### [What you are asked to do]
Of the entries below, return exactly those lines that fall between the one containing "So that is our" and the one containing "Different states of", the two end lines included.

### [Input data]

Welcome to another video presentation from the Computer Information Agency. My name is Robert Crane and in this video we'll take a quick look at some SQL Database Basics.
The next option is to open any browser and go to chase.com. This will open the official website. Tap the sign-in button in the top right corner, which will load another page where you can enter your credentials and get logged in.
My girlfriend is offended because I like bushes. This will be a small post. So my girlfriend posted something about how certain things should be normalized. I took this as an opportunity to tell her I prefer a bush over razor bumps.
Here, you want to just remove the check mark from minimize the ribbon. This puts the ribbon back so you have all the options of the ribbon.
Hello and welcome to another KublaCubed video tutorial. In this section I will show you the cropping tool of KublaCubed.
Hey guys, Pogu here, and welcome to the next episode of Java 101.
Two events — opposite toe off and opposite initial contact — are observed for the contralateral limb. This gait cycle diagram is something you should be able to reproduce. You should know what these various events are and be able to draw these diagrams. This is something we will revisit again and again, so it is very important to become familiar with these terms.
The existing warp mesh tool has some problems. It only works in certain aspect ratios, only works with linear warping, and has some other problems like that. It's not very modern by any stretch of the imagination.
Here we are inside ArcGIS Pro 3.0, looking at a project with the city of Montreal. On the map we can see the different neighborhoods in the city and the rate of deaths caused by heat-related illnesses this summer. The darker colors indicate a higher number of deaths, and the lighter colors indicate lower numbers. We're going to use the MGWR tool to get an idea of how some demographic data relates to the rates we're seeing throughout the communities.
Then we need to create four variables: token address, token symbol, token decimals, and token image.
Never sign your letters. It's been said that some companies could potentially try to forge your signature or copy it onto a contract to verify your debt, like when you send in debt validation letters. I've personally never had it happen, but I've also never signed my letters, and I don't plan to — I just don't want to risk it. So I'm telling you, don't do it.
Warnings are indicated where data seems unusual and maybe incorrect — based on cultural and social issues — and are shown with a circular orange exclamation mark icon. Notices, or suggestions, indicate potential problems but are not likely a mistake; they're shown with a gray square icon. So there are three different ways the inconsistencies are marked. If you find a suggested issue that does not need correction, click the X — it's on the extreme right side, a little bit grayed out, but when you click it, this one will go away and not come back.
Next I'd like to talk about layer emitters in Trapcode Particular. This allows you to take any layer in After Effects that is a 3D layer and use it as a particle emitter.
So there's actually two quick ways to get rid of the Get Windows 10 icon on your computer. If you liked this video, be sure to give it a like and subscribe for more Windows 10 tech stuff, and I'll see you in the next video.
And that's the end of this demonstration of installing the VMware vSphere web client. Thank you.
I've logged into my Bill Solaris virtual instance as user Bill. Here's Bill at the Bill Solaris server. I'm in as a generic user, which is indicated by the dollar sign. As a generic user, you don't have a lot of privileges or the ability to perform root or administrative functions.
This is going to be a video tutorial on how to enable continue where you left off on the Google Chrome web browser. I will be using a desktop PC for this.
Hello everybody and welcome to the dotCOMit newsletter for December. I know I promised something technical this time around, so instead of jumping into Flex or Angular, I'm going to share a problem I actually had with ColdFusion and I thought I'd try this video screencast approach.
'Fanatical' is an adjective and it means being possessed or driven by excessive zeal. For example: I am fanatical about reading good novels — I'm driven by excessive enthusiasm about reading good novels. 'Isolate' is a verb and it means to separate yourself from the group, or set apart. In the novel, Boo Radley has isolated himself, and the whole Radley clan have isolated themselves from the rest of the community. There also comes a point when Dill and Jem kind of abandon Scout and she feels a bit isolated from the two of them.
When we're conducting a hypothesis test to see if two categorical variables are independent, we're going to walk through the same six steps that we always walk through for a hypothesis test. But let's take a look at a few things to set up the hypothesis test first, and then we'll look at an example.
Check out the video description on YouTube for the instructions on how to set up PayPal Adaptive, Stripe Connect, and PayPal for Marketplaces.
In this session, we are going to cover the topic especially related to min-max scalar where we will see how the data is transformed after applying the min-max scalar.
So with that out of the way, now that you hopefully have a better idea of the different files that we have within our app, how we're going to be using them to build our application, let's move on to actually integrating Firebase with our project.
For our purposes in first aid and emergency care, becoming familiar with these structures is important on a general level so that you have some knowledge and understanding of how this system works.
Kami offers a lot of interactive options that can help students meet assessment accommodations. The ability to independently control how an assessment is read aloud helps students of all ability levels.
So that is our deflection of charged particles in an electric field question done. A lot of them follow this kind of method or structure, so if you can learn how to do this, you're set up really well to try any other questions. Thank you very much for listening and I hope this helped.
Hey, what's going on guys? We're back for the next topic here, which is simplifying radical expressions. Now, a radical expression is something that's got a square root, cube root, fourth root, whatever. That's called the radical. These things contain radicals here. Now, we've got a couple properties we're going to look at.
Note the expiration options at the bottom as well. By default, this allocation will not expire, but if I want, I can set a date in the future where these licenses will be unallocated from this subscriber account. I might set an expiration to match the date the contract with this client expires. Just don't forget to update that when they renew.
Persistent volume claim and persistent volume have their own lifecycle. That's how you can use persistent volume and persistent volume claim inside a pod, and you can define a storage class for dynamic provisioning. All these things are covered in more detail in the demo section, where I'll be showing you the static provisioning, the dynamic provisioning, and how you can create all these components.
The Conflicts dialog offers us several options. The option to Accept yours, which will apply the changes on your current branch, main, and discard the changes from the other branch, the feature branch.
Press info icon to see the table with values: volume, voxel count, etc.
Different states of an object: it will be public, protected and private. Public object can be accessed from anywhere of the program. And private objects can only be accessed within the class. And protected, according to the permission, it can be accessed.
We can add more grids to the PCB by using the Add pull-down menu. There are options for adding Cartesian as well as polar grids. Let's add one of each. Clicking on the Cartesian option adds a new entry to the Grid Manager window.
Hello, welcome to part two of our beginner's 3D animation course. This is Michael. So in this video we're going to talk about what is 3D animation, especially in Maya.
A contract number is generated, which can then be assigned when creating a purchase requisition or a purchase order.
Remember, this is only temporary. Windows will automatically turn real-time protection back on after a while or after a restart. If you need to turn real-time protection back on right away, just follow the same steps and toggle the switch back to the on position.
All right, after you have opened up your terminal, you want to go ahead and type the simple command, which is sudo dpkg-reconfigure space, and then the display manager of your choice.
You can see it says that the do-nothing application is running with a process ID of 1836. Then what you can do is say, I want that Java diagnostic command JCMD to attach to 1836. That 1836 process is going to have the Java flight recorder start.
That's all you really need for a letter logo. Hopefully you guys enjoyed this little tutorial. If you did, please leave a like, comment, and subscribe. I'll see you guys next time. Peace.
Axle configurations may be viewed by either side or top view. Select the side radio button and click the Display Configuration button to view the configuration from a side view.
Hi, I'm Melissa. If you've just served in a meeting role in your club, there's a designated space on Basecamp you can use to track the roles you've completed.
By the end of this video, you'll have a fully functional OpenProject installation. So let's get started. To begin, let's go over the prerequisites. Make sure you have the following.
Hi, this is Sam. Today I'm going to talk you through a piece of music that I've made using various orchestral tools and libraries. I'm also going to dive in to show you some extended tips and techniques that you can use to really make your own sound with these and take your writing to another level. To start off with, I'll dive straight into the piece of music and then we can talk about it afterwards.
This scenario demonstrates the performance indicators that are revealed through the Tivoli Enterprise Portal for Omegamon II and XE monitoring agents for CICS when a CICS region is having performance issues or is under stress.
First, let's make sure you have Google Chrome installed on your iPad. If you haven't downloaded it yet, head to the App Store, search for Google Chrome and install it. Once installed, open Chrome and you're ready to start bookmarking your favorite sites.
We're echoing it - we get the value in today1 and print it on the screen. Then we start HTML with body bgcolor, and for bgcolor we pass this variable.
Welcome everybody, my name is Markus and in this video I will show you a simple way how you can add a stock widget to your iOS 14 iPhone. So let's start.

### [Exercise result]
So that is our deflection of charged particles in an electric field question done. A lot of them follow this kind of method or structure, so if you can learn how to do this, you're set up really well to try any other questions. Thank you very much for listening and I hope this helped.
Hey, what's going on guys? We're back for the next topic here, which is simplifying radical expressions. Now, a radical expression is something that's got a square root, cube root, fourth root, whatever. That's called the radical. These things contain radicals here. Now, we've got a couple properties we're going to look at.
Note the expiration options at the bottom as well. By default, this allocation will not expire, but if I want, I can set a date in the future where these licenses will be unallocated from this subscriber account. I might set an expiration to match the date the contract with this client expires. Just don't forget to update that when they renew.
Persistent volume claim and persistent volume have their own lifecycle. That's how you can use persistent volume and persistent volume claim inside a pod, and you can define a storage class for dynamic provisioning. All these things are covered in more detail in the demo section, where I'll be showing you the static provisioning, the dynamic provisioning, and how you can create all these components.
The Conflicts dialog offers us several options. The option to Accept yours, which will apply the changes on your current branch, main, and discard the changes from the other branch, the feature branch.
Press info icon to see the table with values: volume, voxel count, etc.
Different states of an object: it will be public, protected and private. Public object can be accessed from anywhere of the program. And private objects can only be accessed within the class. And protected, according to the permission, it can be accessed.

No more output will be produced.